Чтобы доказать, наоборот, полноту своих мыслей, эти господа преподносят нам поистине достойный Лепорелло[300] список вечных истин и достижений всего предшествовавшего времени в качестве современной общей почвы для «демократии». Этот список резюмируется в следующем назидательном «отче наш»:
«Мы верим в прогрессивное развитие человеческих способностей и сил в направлении предначертанного нам нравственного закона. Мы верим в ассоциацию, как единственно правильное средство достигнуть этой цели. Мы верим, что толкование нравственного закона и норм прогресса не может быть доверено ни отдельной касте, ни индивидууму, а лишь народу, просвещенному национальным воспитанием, руководимому отмеченными печатью добродетели и духа лучшими его представителями. Мы верим в святость обоих, как индивидуальности, так и общества, которые не должны ни исключать друг друга, ни бороться между собой, а гармонически сочетаться ради всеобщего взаимного совершенствования. Мы верим в свободу, без которой исчезает всякая человеческая ответственность, в равенство, без которого свобода только обман, в братство, без которого свобода и равенство являются средствами без цели, в ассоциацию, без которой братство было бы неосуществимой программой, в семью, общину, в государство и отечество, являющиеся прогрессивными сферами, в каждой из которых человек должен последовательно вырастать до сознания и осуществления свободы, равенства, братства и ассоциации. Мы верим в святость труда, в собственность, создаваемую им, как его признак и его плод, в обязанность общества доставлять материал для физического труда посредством кредита, а для труда умственного и морального посредством воспитания… Говоря коротко, мы верим в такой социальный порядок, вершиной которого являются бог и его закон, а основой — народ…»

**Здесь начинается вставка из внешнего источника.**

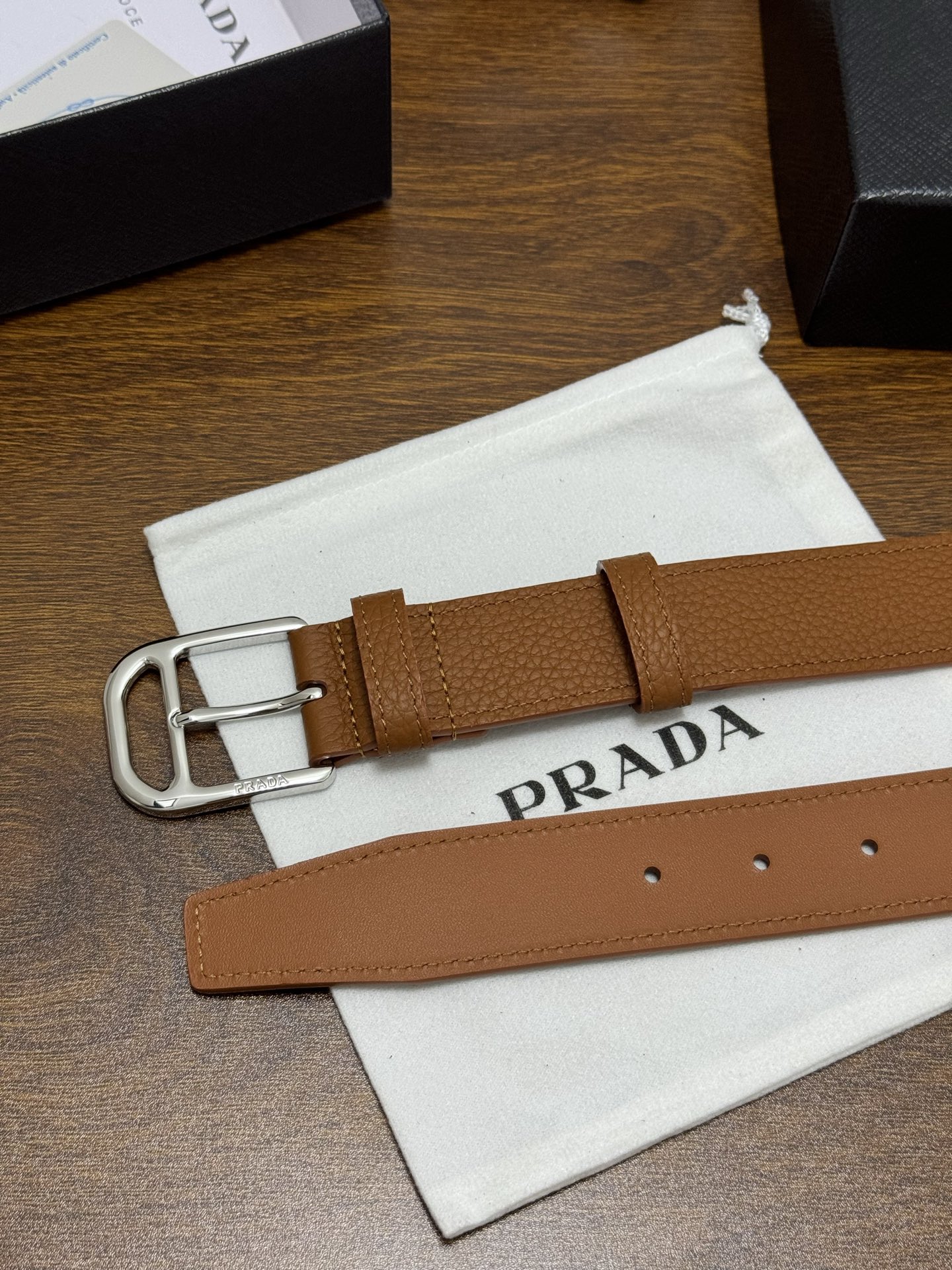 PRADA 3.5cm 颜色：棕色荔枝纹皮革腰带风格简约之作醒目装饰涂珐琅三角形金属徽标柔软自然，赋予设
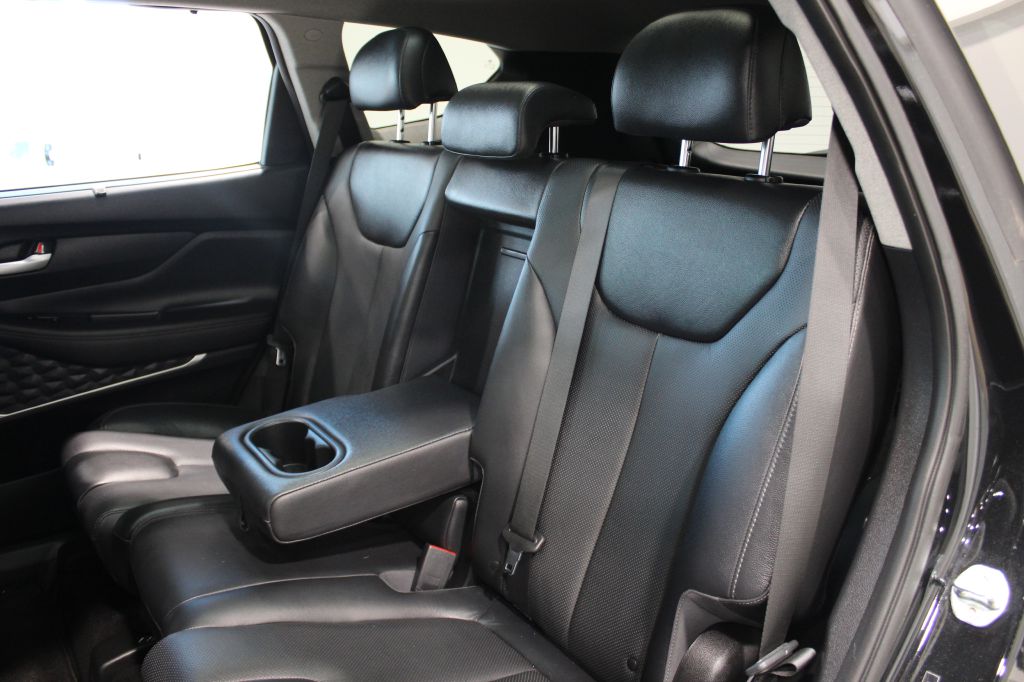 Photo 22 of this HYUNDAI SANTA FE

Итак, Прогресс — Ассоциация — Нравственный закон — Свобода — Равенство — Братство; Ассоциация — Семья, Община, Государство — Святость собственности — Кредит — Воспитание — Бог и Народ — Dio e popolo. Эти фразы фигурируют во всех манифестах революций 1848 г., от французской до валашской, и именно поэтому они фигурируют здесь как общие основы новой революции. Ни одна из этих революций не обошлась без провозглашения святости собственности, которая здесь канонизирована как результат труда. В какой мере всякая буржуазная собственность является «плодом и признаком труда», Адам Смит знал уже гораздо лучше, чем знают наши революционные инициаторы спустя восемьдесят лет после него. Что касается уступки социализму, согласно которой общество должно посредством кредита обеспечить каждого материалом для его труда, то каждый фабрикант обыкновенно оказывает своим рабочим кредит на такое количество материала, которое они могут переработать в течение недели, и кредитная система в настоящее время распространилась настолько, насколько это совместимо с неприкосновенностью собственности, да и самый кредит, в конце концов, есть лишь форма буржуазной собственности.
Суть этого евангелия сводится к такому состоянию общества, при котором бог составляет вершину, а народ, или, как говорится дальше, человечество — основание. Это значит, что эти люди верят в существующее общество, в котором, как известно, бог составляет вершину, а чернь — основание. Если лозунг Мадзини: бог и народ, Dio e popolo, может иметь какой-то смысл в Италии, где бога противопоставляют папе, а народ — монархам, то выставлять этот плагиат Иоганнеса Ронге, самого поверхностного из подонков немецкого лжепросвещения, в качестве лозунга, долженствующего разрешить загадку века, — это уже слишком! Как легко, впрочем, в этой школе привыкают к небольшим жертвам, которых требуют организация и дисциплина, как легко отказываются от черствой исключительности теорий, доказывает наш Арнольд Винкельрид Руге, который к великой радости Лео на этот раз сумел оценить различие между божеством и человечеством[301].
Манифест заканчивается словами:
«Речь идет о конституции европейской демократии, о создании бюджета, казначейства народов. Речь идет об организации армии инициаторов».
Руге, чтобы стать первым инициатором этого народного бюджета, обратился к демократическим филистерам Амстердама и разъяснил им их особое призвание к тому, чтобы платить. Голландия в опасности!
Лондон, 1 ноября 1850 г.
Написано К. Марксом и Ф. Энгельсом
Напечатано в журнале «Neue Rheinische Zeitung. Politisch-okonomische Revue» № 5–6, 1850 г.